Реальный победитель в Къызбрун зауэ – Идар Инармасов, получил право поселиться в Кабарде где ему угодно, «…кабардинцы же обязывались почитать его за старшего князя и во всем ему повиноваться» [Ногмов 1994: 105]. Идар переселился в Кабарду, которой и правил некоторое время в качестве пщышхуэ – великого князя, «…собственная его часть (бассейн Черека – К.З.) называлась Идарией» [Ногмов 1994: 105]. Еще одним последствием Къызбрун зауэ стало выделение владений Каноко Бесланова – Къанокъуэ нэфмэ и жылэр рилъэфэкIуэжщ (досл. «Каноко косой свое общество /племя отволок») [Ногма 1956: 59, 63]. С 200 семей он переселился за Кубань в долину Урупа [Ногмов 1994: 106]. Очевидно, речь идёт о 200 уоркских семей с подвластным населением.

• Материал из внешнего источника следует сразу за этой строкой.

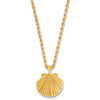 Natalia Oversized Shell Pendant Necklace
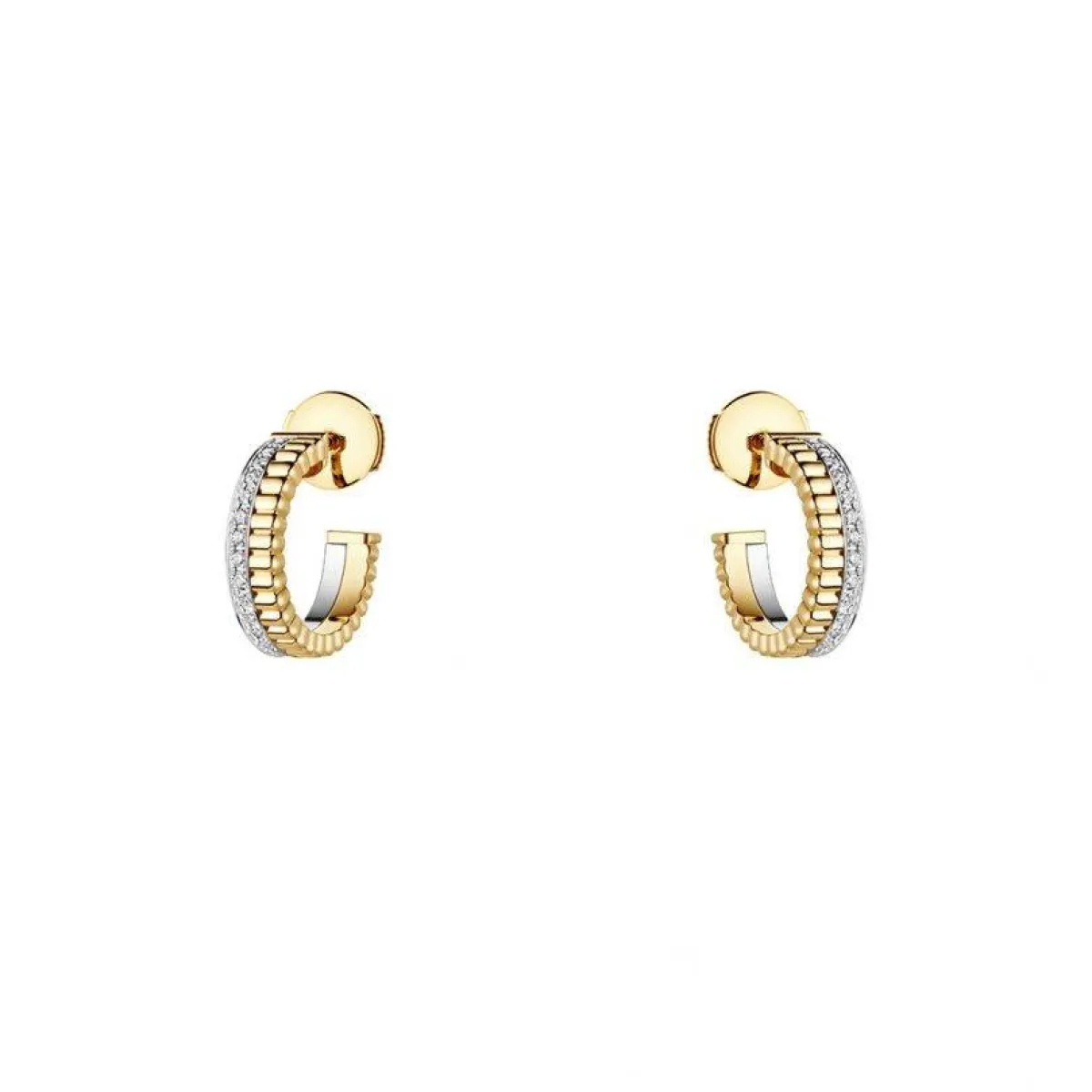 أقراط Quatre Radiant Edition من بوشرون Boucheron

Так началось отделение от кабардинского этнического массива и постепенная кристаллизация субэтнической группы бесленеевцев.
Датировка Кызбурунской битвы укладывается в очень узкие рамочные ограничения. Старший сын Идара – Кемиргоко, с 1557 г. известен русским источникам в качестве пщышхуэ Кабарды, следовательно, его отец мог претендовать на этот титул примерно на двадцать лет раньше него [КРО. Т. 1. 1957: 5]. У нас есть еще один важный маркер в определении датировки Къызбрун зауэ – это гибель Талостана Жанхотова, которому черкесские исторические предания приписывают организацию успешного похода на Бахчисарай [КъэрдэнгъущI 2009: 273–280; Народные песни и наигрыши… Т. 3. Ч. 1. 1986: 51–54]. Последний мог состояться, по нашему мнению, только весной-летом 1535 либо 1536 г. (См. Бахчисарайский поход,). Учитывая, что по данным Ш.Б. Ногмова, Идар Инармасов вмешался в кабардинские междоусобия лишь через два года после их начала, складывается очень плотная ткань событий. В 1535/1536 гг. успешный поход на Бахчисарай, возможно, на фоне громких побед рост политических амбиций Талостана Жанхотова и изгнание семьи Тохтамыша Кирклышева из Кабарды, а в 1537/1538 гг. выступление Идара Инармасова и общечеркесская междоусобная война, завершившаяся Кызбурунской битвой. Уже в 1539 г. в Черкесию совершает свой первый крупномасштабный поход крымский хан Сахиб-Гирей (1532–1550). Период относительного затишья в крымско-черкесских отношениях, наступивший после смерти Мухаммед-Гирея I (1515–1523), заканчивается, и начинается период жесткого противостояния Княжеской Черкесии крымской агрессии [Некрасов 1990: 104–111]. В новых условиях возникновение широкой коалиции кяхских владетелей с целью возвращения популярному князю-изгою наследственных владений в Кабарде стало бы непозволительной роскошью.
Из монографии Кожева З.А. "ОЧЕРКИ ВОЕННО-ПОЛИТИЧЕСКОЙ ИСТОРИИ ЧЕРКЕСИИ XV–XVII вв."